In Washington was the week with the four Ws – war, strikes, weakness and warnings. Some biannual meetings between the International Monetary Fund and the World Bank are boring, easily forgettable affairs; this was not one of them.
The first V – the war in Ukraine – dominated the meetings and could very well also dominate the next gathering of the two institutions this autumn. Despite calls for the struggles to stop, there is no sign that this is happening.
This will have serious consequences for Ukraine, Europe’s poorest country even before the Russian invasion. The World Bank estimates that the cost of destroyed buildings and infrastructure alone is $ 60 billion (£ 46.7 billion). The IMF says that the economy may contract by almost 40% this year and that Kiev will need external support of 5 billion. USD per month just to keep the country in operation.
Russia will also suffer serious damage as a result of its aggression, but the impact of the war is not limited to the two main characters. This leads to more expensive energy and food, while the consequent higher inflation and slower global growth means that there is both a humanitarian and an economic rationale for ending the war.

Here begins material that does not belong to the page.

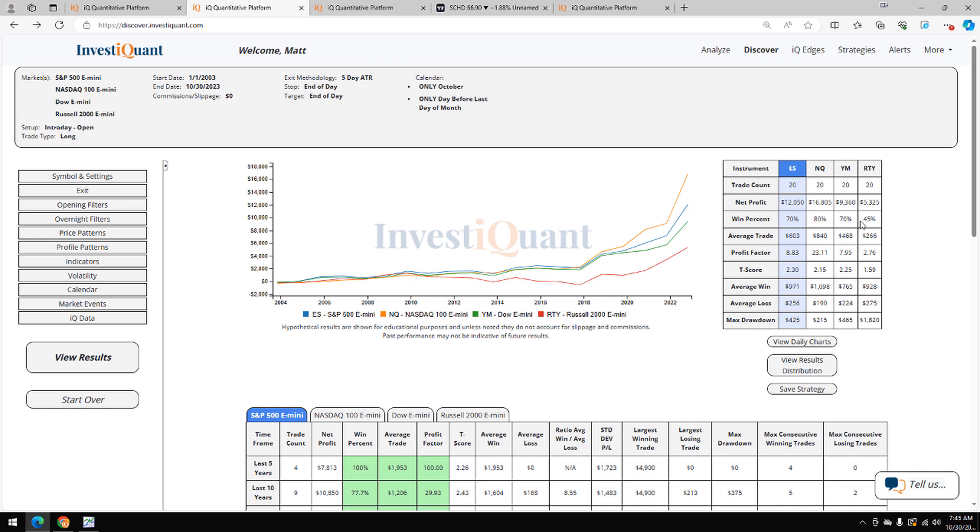If we take a look at the average moves, average move to the upside larger in the S&P. That's also the case in the other instruments, the NASDAQ, the Dow, and the Russell as well. So historically speaking, at least for the past 20 years, this day has been more bullish here historically.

Hence the second W: the symbolic exclusion of the British, Americans and Canadians as the Russian representatives began to speak at the meeting of G20 finance ministers and central bank governors. Russia retaliated by blocking the issuance of a communiqué at the end of the meeting of the IMF’s main political committee, which traditionally requires unanimity.
These diplomatic maneuvers highlighted weaknesses in the multilateral system – the third W. G20 came to prominence during the global financial crisis and was to replace the G7 as the primary international forum for economic policy makers.
This made sense. The G7 represented only the major developed countries, while the G20 included a broader group of strategically important nations such as China, India, Brazil, Saudi Arabia – and Russia.
The G20 got off to a good start at the London Summit in 2009, but has subsequently failed in its promise. It has become a voice shop where countries discuss today’s pressing problems – the need to make vaccines widely available or the lack of an effective mechanism to provide debt relief – but then fail to come up with the necessary solutions. There are plenty of grandstands, but few common purposes, as was demonstrated last week. By no means are all G20 members willing to publicly express dissatisfaction with what Russia is doing in Ukraine.
This brings us to the fourth and final W: the air in Washington last week was filled with warnings. The IMF warned that the recovery from the pandemic would be much slower than expected and that central banks would find it more difficult to calibrate the right level of interest rates. The World Bank warned that people would go hungry as a result of higher food prices, which might result in social unrest. Both the IMF and the World Bank warned of rising debt problems.
The outlook is bleak for developed countries such as the UK, where the pressure on the cost of living has already begun to weigh on confidence and spending. However, the outlook is even worse for poorer parts of the world at a time when some central banks – including the US Federal Reserve – are becoming more and more hawkish.
Krishna Guha, an analyst at investment bank Evercore, says: “The major takeaway from IMF and World Bank meetings … is the acute vulnerability of non-commodity-exporting emerging market countries to a perfect storm of an unfinished high-debt pandemic recovery, the war shock to energy and food prices, the growth risk of China’s lockdown and the tightening of the Fed. “
It is a reasonable summary and echoes warnings from the UN that weaker global demand, insufficient international political coordination and rising debt levels from the pandemic will generate financial shock waves that will push some developing countries into a downward spiral of insolvency, recession and arrests development. .
Achim Steiner, an administrator of the UN Development Program, says he is “extremely concerned” about the scale of the crisis and the speed with which it is unfolding. “We are ill-prepared to deal with this. As a result of the pandemic, many poor countries have no financial leeway left and have their backs to the wall.” Nearly 70 countries, he adds, are facing the “perfect storm” of rising energy costs, rising food prices and heavier debt service costs.
A fifth W was notable for his absence in Washington last week, and that’s a win. The IMF took some comfort from the $ 40 billion in pledges given to its Resilience and Sustainability Trust – designed to help poor countries tackle the climate crisis and other structural challenges – but Ukraine alone needs more than that.
Every finance minister and central bank governor knows that war is a disaster for the global economy and the cost will increase the longer it lasts. It is easy to see what the defeat looks like: stagflation and declining living standards in the developed parts of the world; hunger, food riots and debt default in the poorer parts.
It’s harder to see what victory looks like, except for a pyrrho. An immediate ceasefire and Russia’s withdrawal will lead to lower energy and food prices, reduce inflation and make it easier for central banks to limit the extent of interest rate rises. A longer war of attrition is a more likely scenario, and it will ultimately lead to weaker demand, a collapse in energy prices and much lower inflation rates.
So far, the best that the IMF and the World Bank can offer is harm reduction. The outlook is bleak and becoming more and more bleak.